### Problem to work on:
Copy out precisely the lines of the material that follows, beginning with the line containing "Electric Scooters and" and ending with its last line; exclude pictures.
= = = = = = =
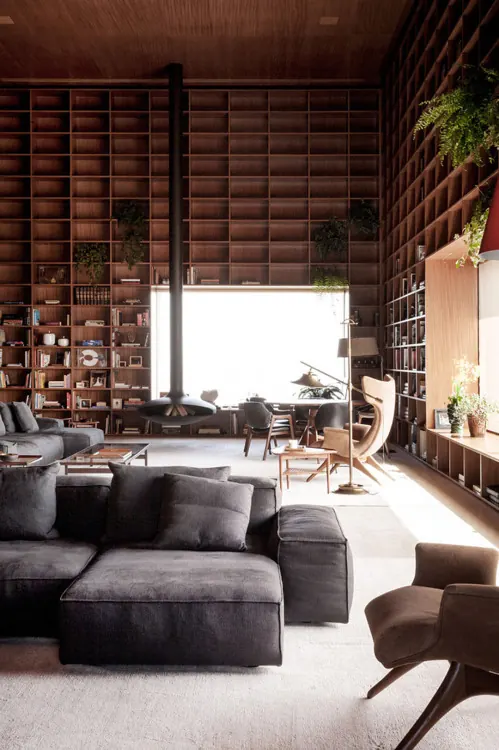 Modern Industrial Interior Design, luxury, photographic, dark
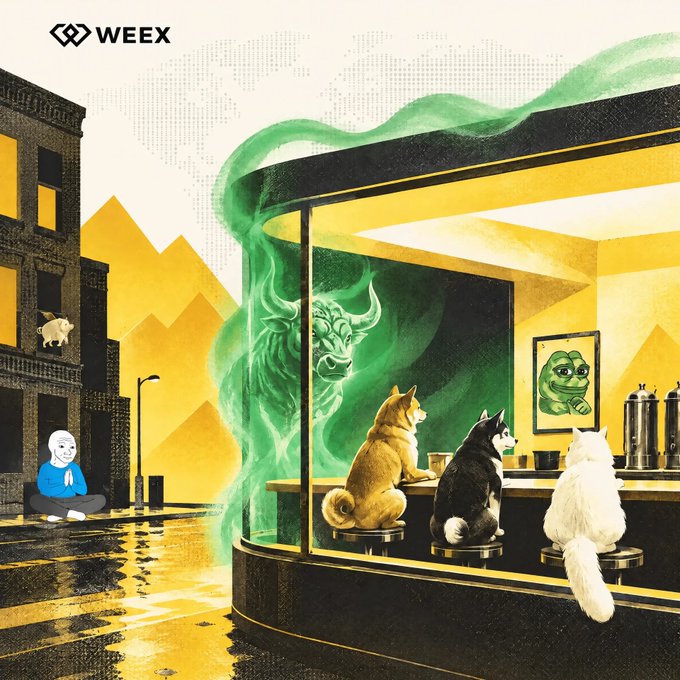 A colorful WEEX illustration depicting a meditating figure, a small pig on a building, and cats at a bar counter with a green ghost-like bull.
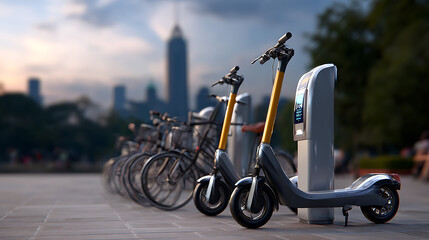 Electric Scooters and Bicycles Parked at a City Rental Station at Sunset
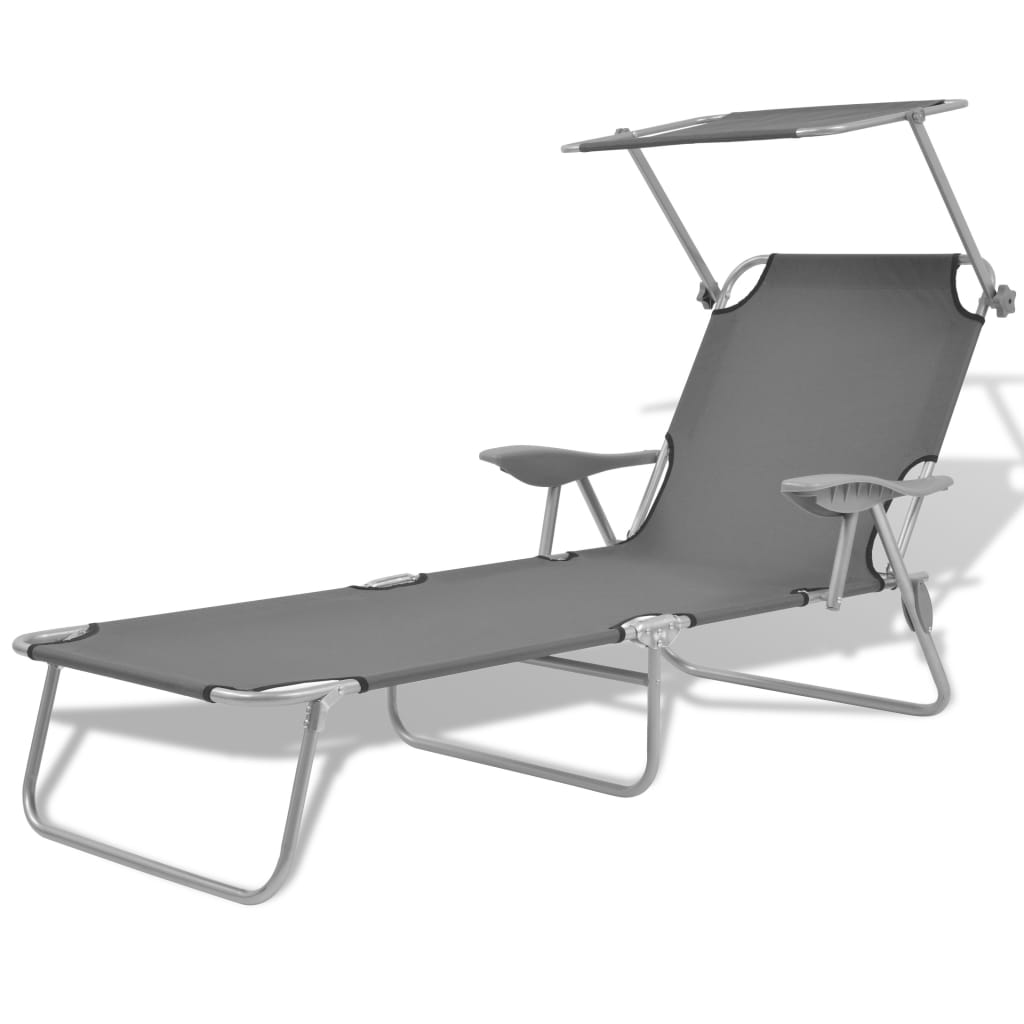 Sun Lounger with Canopy Steel Grey - Design Hut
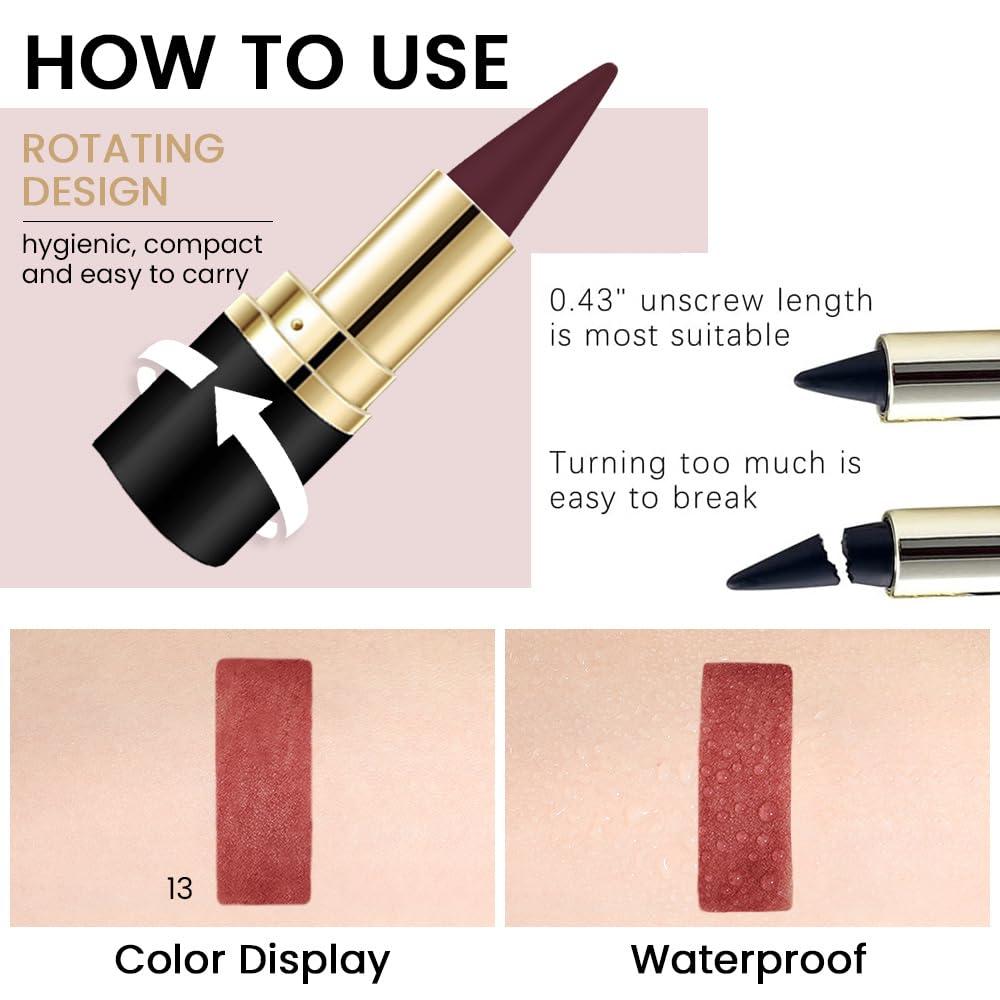 evpct evpct 1Pcs Dark Red Gel Eyeliner Pencil Eye Black Face Paint Stick Makeup Set Waterproof Matte Cream Crayon Eyeliner Pencil Set Cat Eye Liners Eyeshadow Guide delineador de ojos contra el agua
= = = = = = =
### Exercise response:
 Electric Scooters and Bicycles Parked at a City Rental Station at Sunset
 Sun Lounger with Canopy Steel Grey - Design Hut
 evpct evpct 1Pcs Dark Red Gel Eyeliner Pencil Eye Black Face Paint Stick Makeup Set Waterproof Matte Cream Crayon Eyeliner Pencil Set Cat Eye Liners Eyeshadow Guide delineador de ojos contra el agua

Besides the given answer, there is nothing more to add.